Kerry promised if elected to fix these deficiencies. Americans
could count on a President Kerry to expand the armed forces and
to improve their ability to fight.
Yet on this score Kerry's circumspection
was entirely predictable. It was the candidate's way of signaling
that he was sound on defense and had no intention of departing
from the prevailing national security consensus.
Under the terms of that consensus, mainstream
politicians today take as a given that American military supremacy
is an unqualified good, evidence of a larger American superiority.

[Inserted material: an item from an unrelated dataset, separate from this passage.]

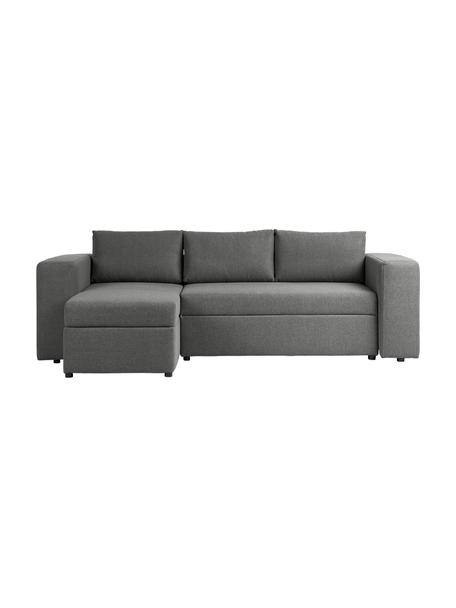 Canapé convertible 3 places avec rangement Noah, Tissu gris foncé, larg. 269 x prof. 160 cm, méridienne à gauche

They see this armed might as the key to creating an international
order that accommodates American values. One result of that consensus
over the past quarter century has been to militarize U.S. policy
and to encourage tendencies suggesting that American society itself
is increasingly enamored with its self-image as the military power
How Much Is Enough?
This new American militarism manifests
itself in several different ways. It does so, first of all, in
the scope, cost, and configuration of America's present-day military
Through the first two centuries of U.S.
history, political leaders in Washington gauged the size and capabilities
of America's armed services according to the security tasks immediately
at hand. A grave and proximate threat to the nation's well-being
might require a large and powerful military establishment. In
the absence of such a threat, policymakers scaled down that establishment
accordingly. With the passing of crisis, the army raised up for
the crisis went immediately out of existence. This had been the
case in 1865, in 1918, and in 1945.
Since the end of the Cold War, having
come to value military power for its own sake, the United States
has abandoned this principle and is committed as a matter of policy
to maintaining military capabilities far in excess of those of
any would-be adversary or combination of adversaries. This commitment
finds both a qualitative and quantitative expression, with the
U.S. military establishment dwarfing that of even America's closest
ally. Thus, whereas the U.S. Navy maintains and operates a total
of twelve large attack aircraft carriers, the once-vaunted [British]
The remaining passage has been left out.